This is the Hardt Hyperloop Hub. A vision for the future of European Hyperloop stations and a study of urban integration across cities and towns of different sizes.
Within the Hub, designed by UNStudio, a series of tessellating components adapt to a range of contexts: city-centre, edge of city or adjoining an existing infrastructure hub, such as an airport.
Existing cities of course have existing parameters, and we envisage a symbiotic, modular relationship with the local environment. Modularity is what makes this system scalable, resilient and adaptable to existing conditions.
At speeds between 600 and 1000 km/h, the Hyperloop can travel at the same speed as airplanes, but deliver passengers right into the heart of cities, connecting passengers immediately with other forms of sustainable transport.
By collapsing distances between producer and consumer we can create shorter food supply chains: super-fresh, high quality produce, picked or caught the very same day can be delivered right into the city-centre. This creates the basis for daily markets to emerge around and within the Hyperloop Hub.
To accommodate this wide range of potential uses, flexible modules can hold different functions, from the purely pragmatic luggage check-in, parcel pick up point or bicycle dock, to daycare for busy parents or small biophilic pocket parks for kids and adults.

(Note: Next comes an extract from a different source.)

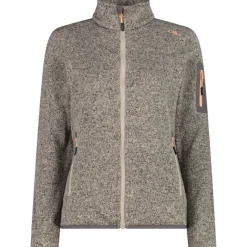 Damen Strick Fleece Jacke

Ben van Berkel, principal architect and founder of UNStudio, said:
“The Hyperloop is not only a realistic and viable alternative to flying, it is going to revolutionize travel. It will provide extremely fast travel times with direct connections between cities, enabling completely new ways of working and spending our leisure time, which in turn will lead to a multitude of economic, environmental and knowledge exchange benefits.”